Conant is enamored of Lavi’s beet pasta and another dish, spaghetti with uni. He keeps using that stereotypical Italian hand gesture — his fingertips together, his arm in an upright wave, to express his delight at the pastas.
Conant grew up in Waterbury, Conn., surrounded by Italian Immigrants from Pontelandolfo, which happens to be the inspiration for the name the Ponte.
“I think when you allow the product to shine and get out of its way, that’s how you create greatness.”
“I think the food scene in L.A. really speaks for itself,” says Conant as he looks around the room. At 5 p.m. Lavi will pack up and the space will turn back into a French wine bar.
“I remember seven years ago when I first started coming to L.A.,” says Conant, “I would go to these little random shopping centers and eat really good food, but now it’s happening more and more. Chefs had really good sous chefs or cooks, and now they’ve gone out and are opening their own places and being creative — like this place.”
When Conant walks through the doors at Osteria Mozza, Nancy Silverton, Mario Batali and Joe Bastianich’s Italian restaurant on the corner of Melrose and Highland avenues, people turn in their chairs to look. Because although Conant may not be as recognizable as Batali, he’s spent considerable time on television as a frequent judge on the Food Network shows “Chopped” and busting the chops of his friend Bobby Flay on a show called “Beat Bobby Flay.”
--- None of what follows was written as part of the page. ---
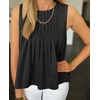 image:imageCicy Bell Womens Summer Peplum Tops Casual Babydoll Sleeveless Cotton Tank Tops Flowy Pleated ShirtsBlack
At a table in the corner of a back room, Conant asks the server to recommend some pastas, commencing a feast that will include salumi, prosciutto-wrapped grissini with truffle butter, not a few items from Silverton’s mozzarella bar — and pasta. The bucatini all’ Amatriciana arrives in a deep red swirl; the ricotta gnudi are surrounded by garlic scapes and English peas; the ricotta and egg raviolo comes as a single pillow of ricotta and egg swimming in browned butter; and each strand of tagliatelle is perfectly coated with a rich oxtail ragu.
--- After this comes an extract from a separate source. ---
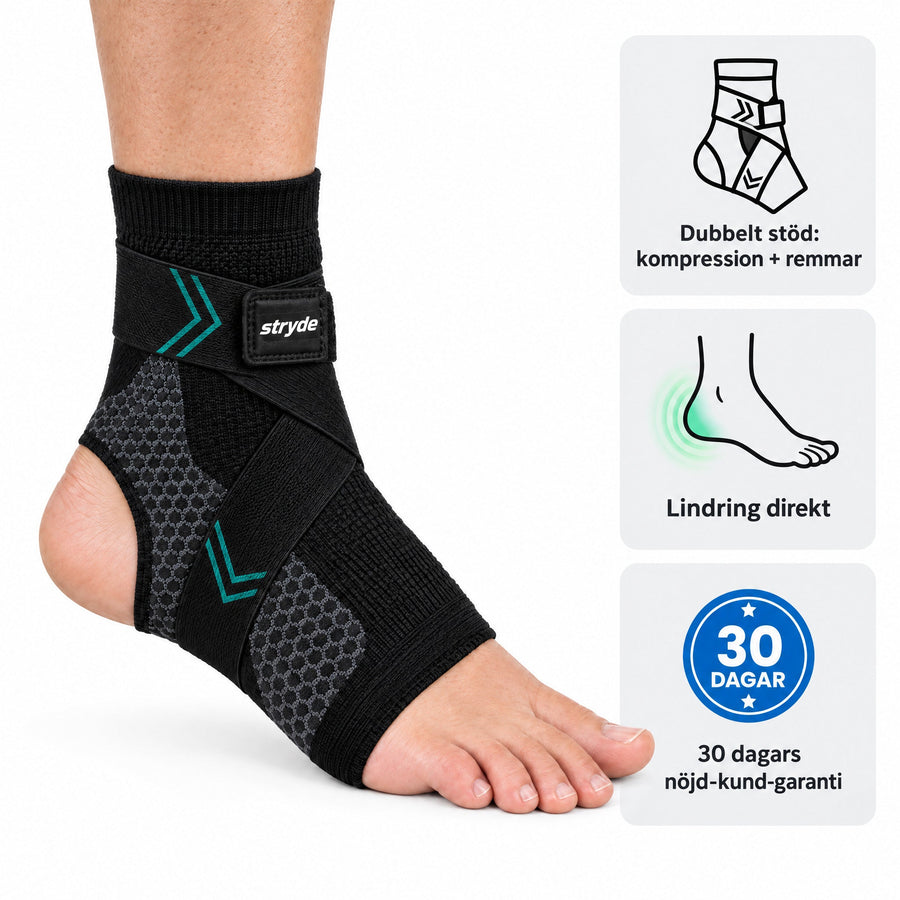Stryde Foot Sleeve – dubbelt stöd: kompression och remmar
Conant waits for everyone at the table to bring out their iPhones before delicately cutting into the raviolo. The yolk spills out in an orange pool.
“What are you guys going to eat?” he jokes.
With all those restaurants and all that television, you could categorize Conant as a celebrity chef, but he’s quick to disagree.
“I think the day you hear me refer to myself as a celebrity chef … forget about it.” He says that last bit as a single word, like he’s walked straight out of that scene from “Donnie Brasco.” “I don’t think of myself as famous. Listen, I’ve always prided myself on being a good cook.” He twirls a bit of bucatini onto his fork and takes a bite. “Oh, my God, that’s good.”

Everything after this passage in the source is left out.